9 of 10 people found the following review helpful
This review is from: Darwin's Children (Paperback)
"Darwin's Children" is a provocatively titled novel, dripping with menace and postulates the "what if?" scenario of a fictional leap in human evolution.
As serious scientific fiction, it is very well written. The prose flows well, the dialogue believable, the characters interesting and all representing a side in the debate of the ethics and emotions of the above scenario. All with a prevading sense of menace.

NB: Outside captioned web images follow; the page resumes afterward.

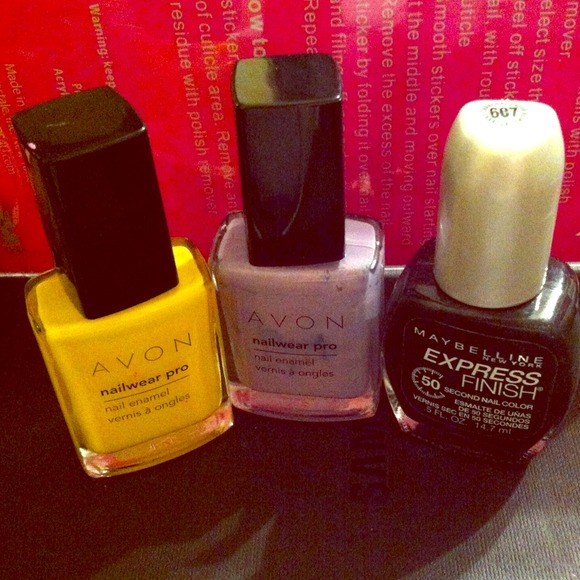 Bundle 3 nail polishes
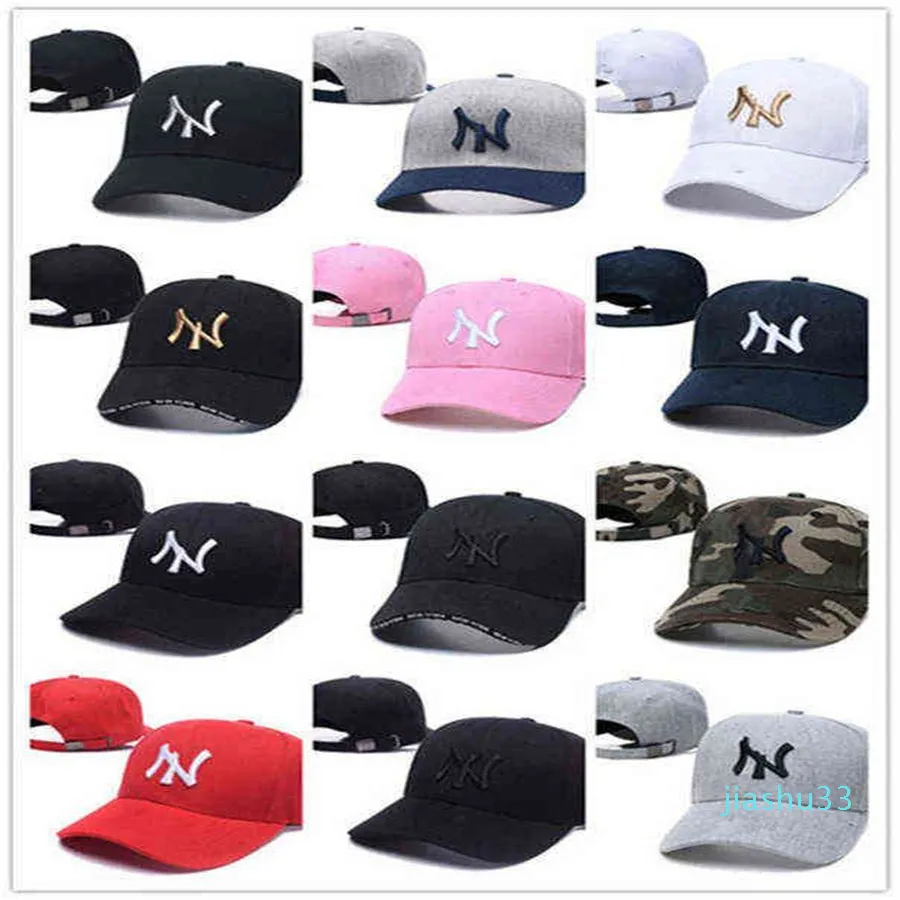 Casquettes de baseball 2022 mode unisexe coton casquette de baseball snapback chapeau pour hommes femmes chapeau de soleil os gorras ny broderie printemps casquette en gros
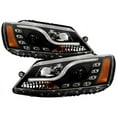 thumbnail image 1 of Spyder Volkswagen Jetta 11-14 Projector Headlights - Halogen Model Only ( Not Compatible With Xenon/HID Model )/Only fits sedan models Light Tube DRL, 1 of 3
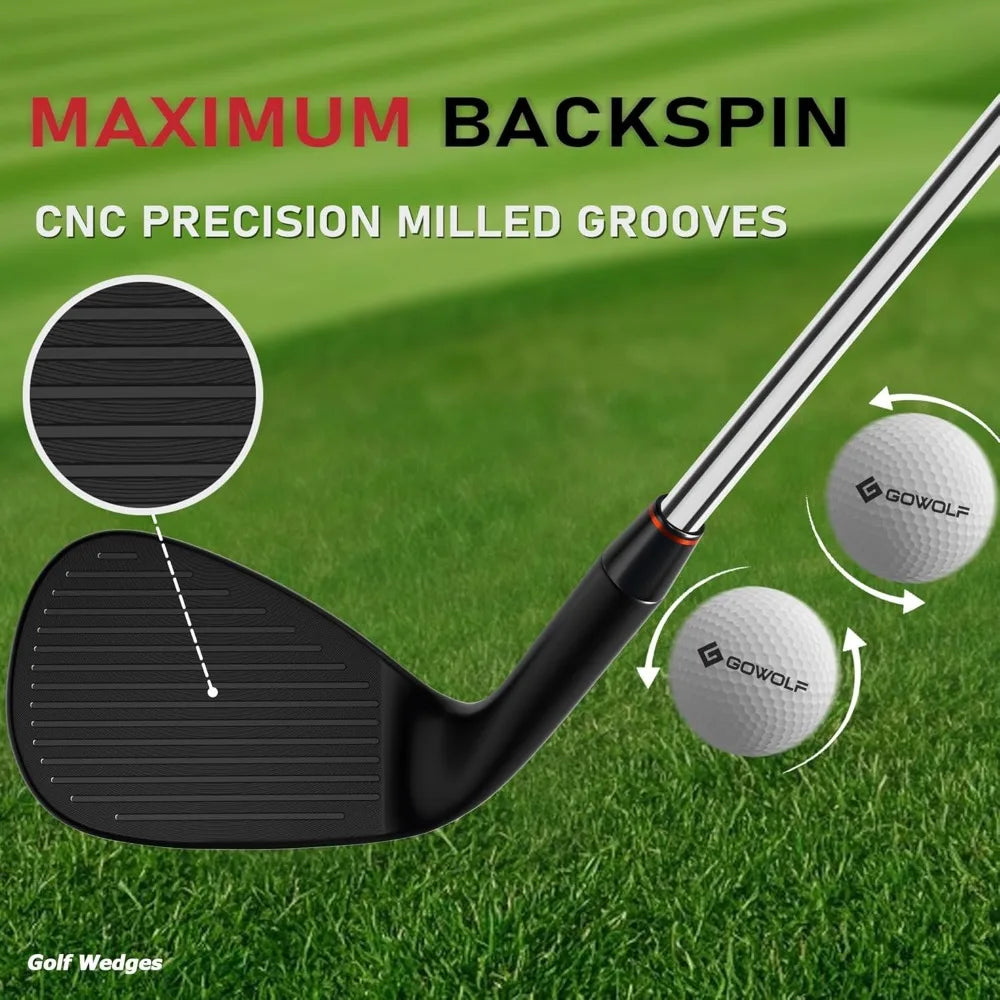 Gowolf Premium Forged Full Face Golf Wedges 50/52/54/56/58/60/69 Degree Individual or Set for Men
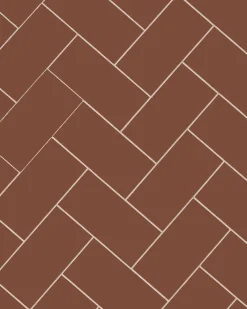 Klinker - Rektangel 10 x 20 cm röd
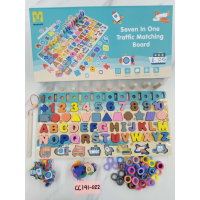 Traffic matching board wooden toys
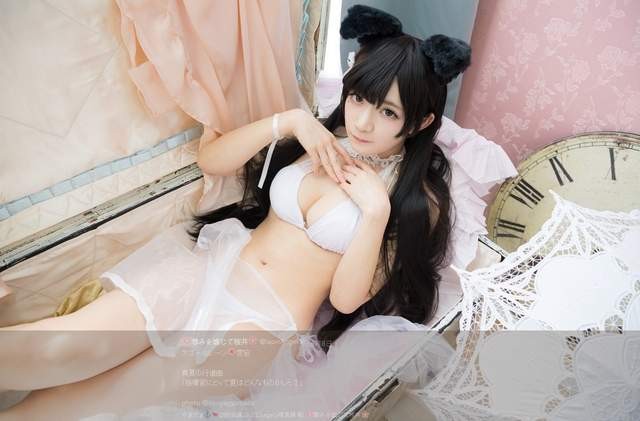 有痣美女cosplay碧蓝航线 性感黑色丝袜诱人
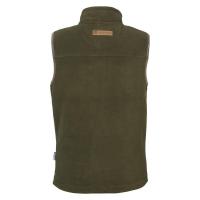 Gilet de chasse polaire percussion scotland enfant kaki1
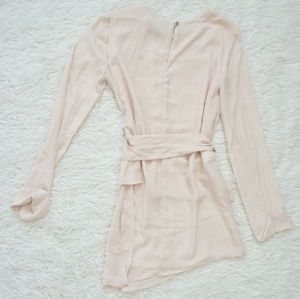 Beige long sleeve blouse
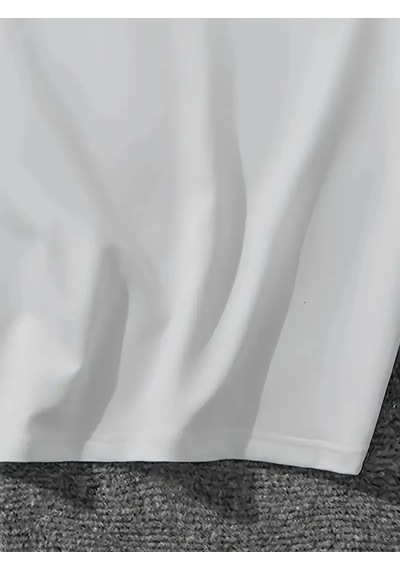 Startmore Unisex Tasarım Baskılı Oversize %100 Pamuk Beyaz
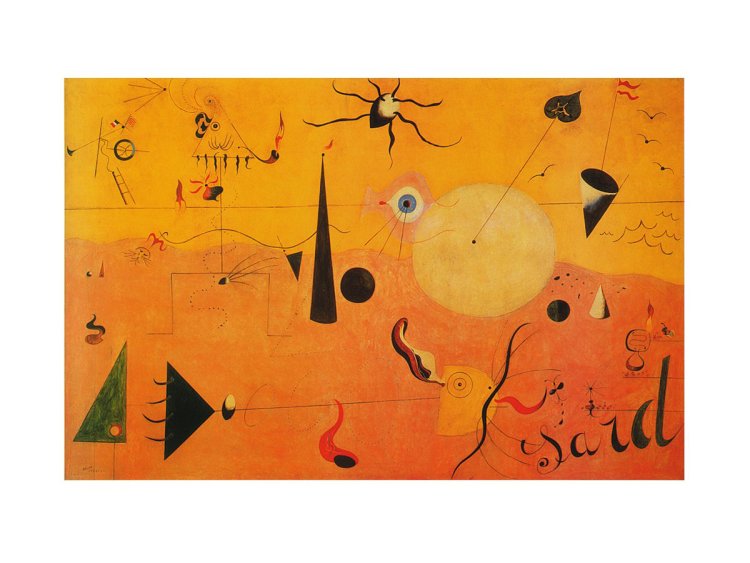 Paysage Catalan  - (JM-296) à Joan Miró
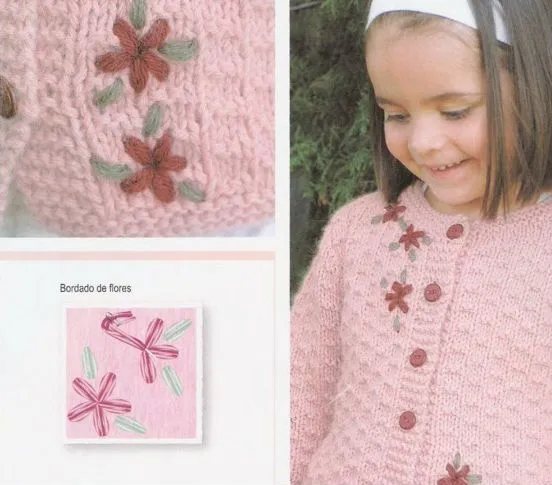 Saco para niña tejido con dos agujas / Tutorial paso a paso ... Saco para niña tejido con dos agujas / Tutorial paso a paso ...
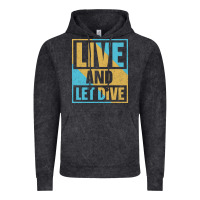 Vintage Black Live And Let Dive Retro Style Vintage Hoodie - artisFamous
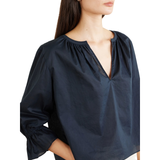 The Poet Navy Blouse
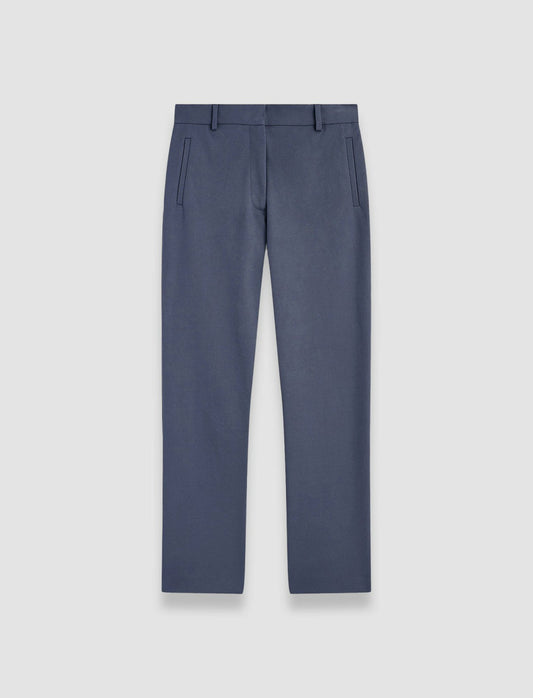 JOSEPH Fashion Women New Eliston Gabardine Stretch Trousers Harbour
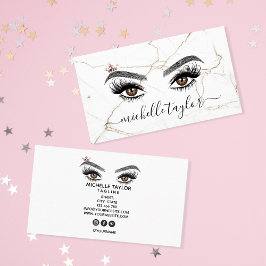 Tarjeta De Visita Lujoso artista de maquillaje Beauty Lash Extension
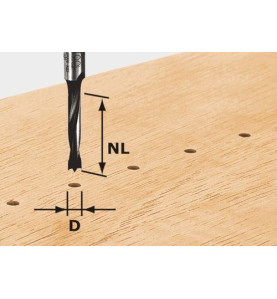 Festool Foret pour chevilles HW D3/16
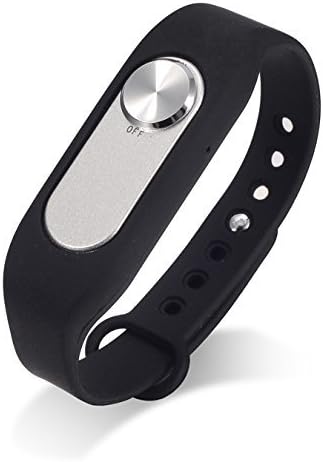 8GB Wearable Portable Rechargable Wristband Voice Recorder Sounds Recording Pen 8GB (Black)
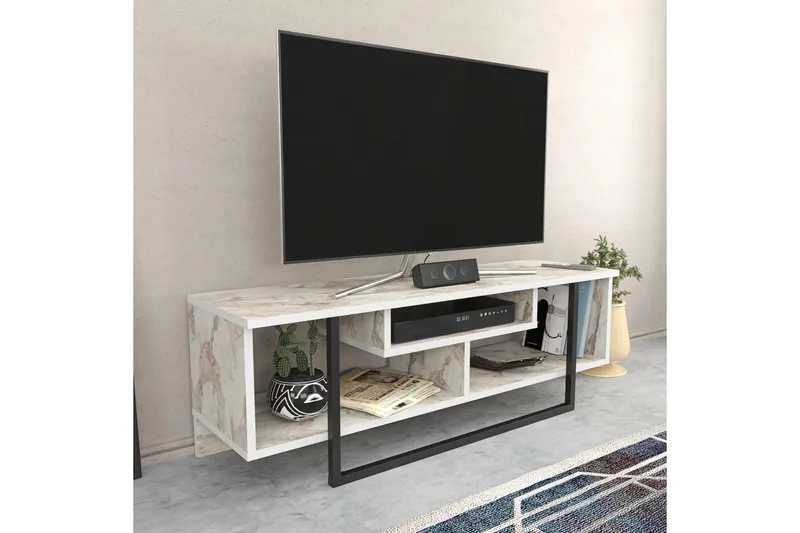 Andifli Tv-benk 120x40,2 cm - Hvit - Møbler - Mediamøbel & tv møbel - TV-benk & mediabenk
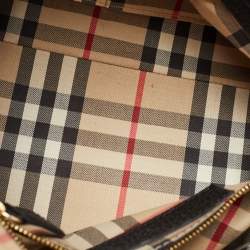 Pre Owned Burberry Black Grained Leather Greenwood Satchel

The fiction is based on generally established science and the book very helpfully provides a glossary for readers who do not have a science background. Though readers with degrees in relevant areas may today spot discredited ideas, it doesn't ruin the story which is about society within and without a new species of human. Uncomfortably, but bravely, the novel revolves around an inverted eugenic-panicked America. Or, put in a historical context, it is as if the American government acted like Nazis but imprisons a master race instead of embracing it. A scary, difficult scenario.
Fans of "The X-files" and "The X-men" would enjoy this novel as an extension of their favourite scenario. Indeed, "X-men 2" movie is an action-packed slant on this tale. Readers of Stephen King's "Firestarter" will see overtones of one of the main characters - a young girl with special abilities. Bear approaches the topic from his own angle and doesn't waste a word.
The novel is however relatively short, and there are many areas where it could be expanded. In other words, a sequel is possible given the wealth of material present. The novel however, doesn't go anywhere near Apocalypse in spite of the blurb.
Overall, a good read basing itself on good science.